Take the data below and extract the lines from the one with "1990's Mens Maroon 5 Band T-Shirt" to the one with "Barbour Μπλούζα φούτερ σε πράσινο: μπροστά", inclusive, exactly as written.

Excerpted records
#####
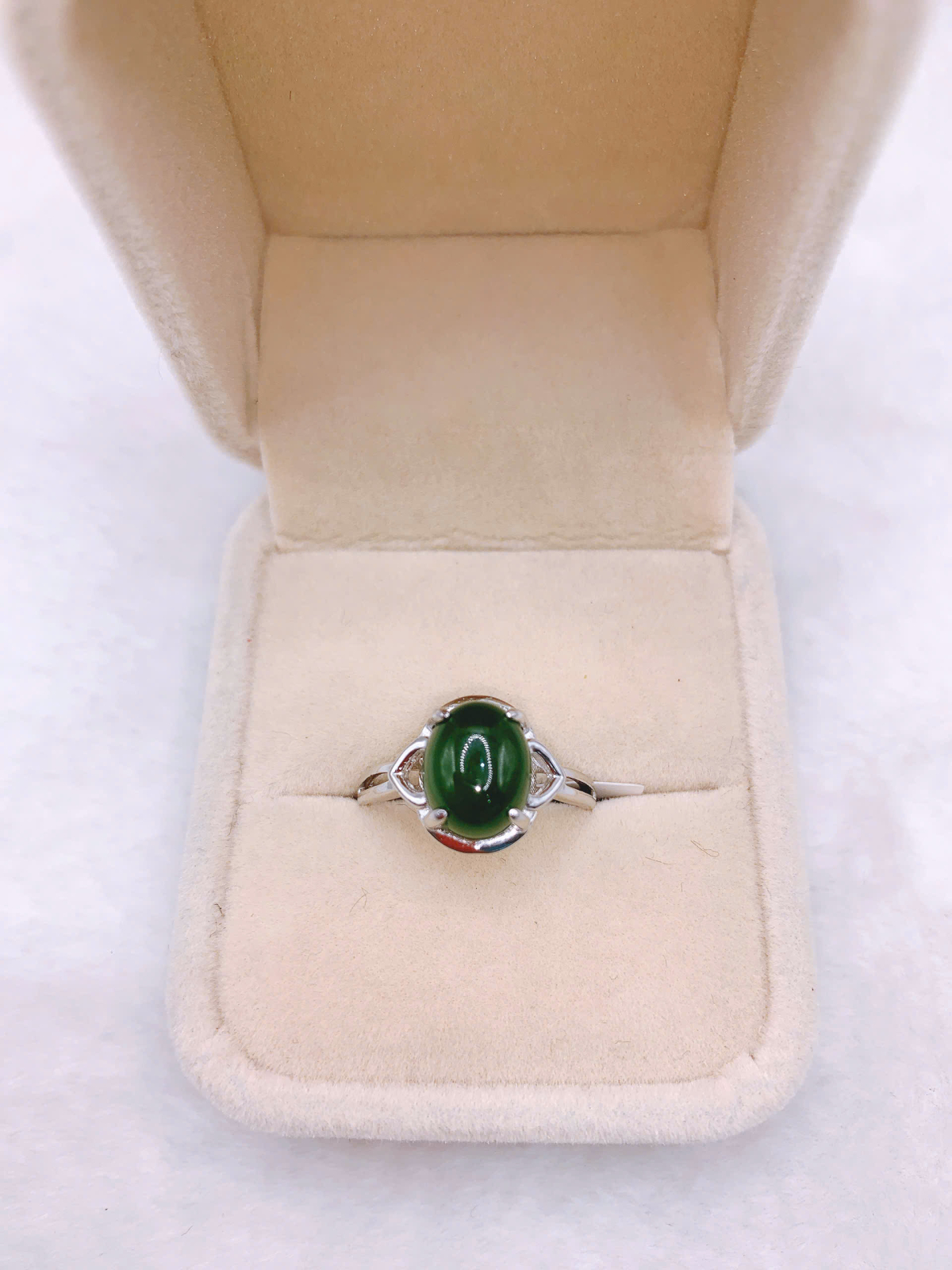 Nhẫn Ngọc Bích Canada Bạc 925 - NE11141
#####
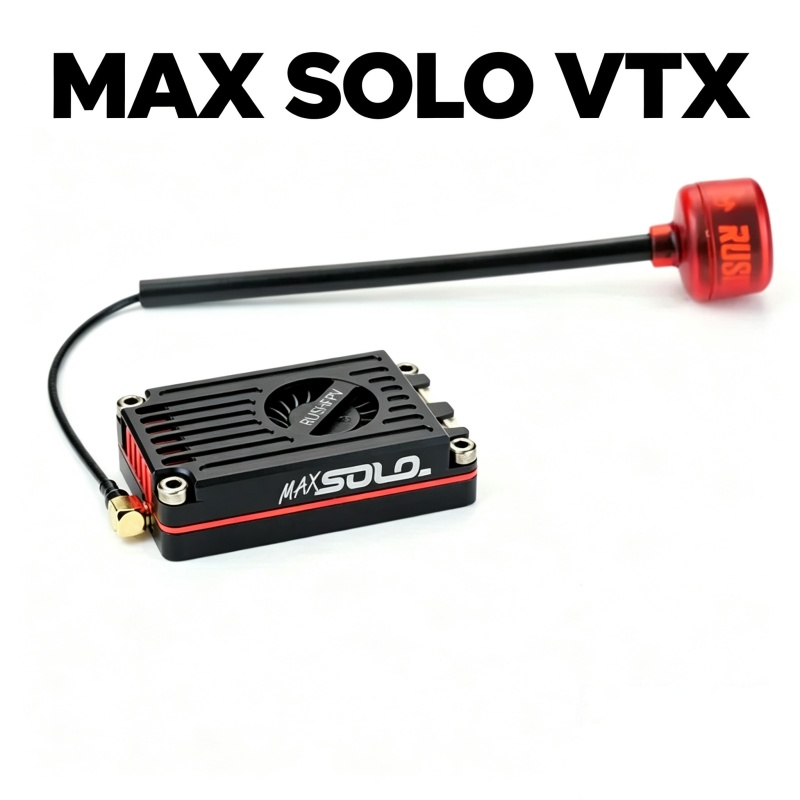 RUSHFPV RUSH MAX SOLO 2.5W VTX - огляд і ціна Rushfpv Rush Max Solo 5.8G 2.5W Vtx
#####
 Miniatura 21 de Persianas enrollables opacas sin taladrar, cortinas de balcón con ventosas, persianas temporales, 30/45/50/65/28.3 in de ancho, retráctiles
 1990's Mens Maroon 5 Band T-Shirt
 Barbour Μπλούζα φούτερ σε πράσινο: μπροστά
#####
Worked solution
 1990's Mens Maroon 5 Band T-Shirt
 Barbour Μπλούζα φούτερ σε πράσινο: μπροστά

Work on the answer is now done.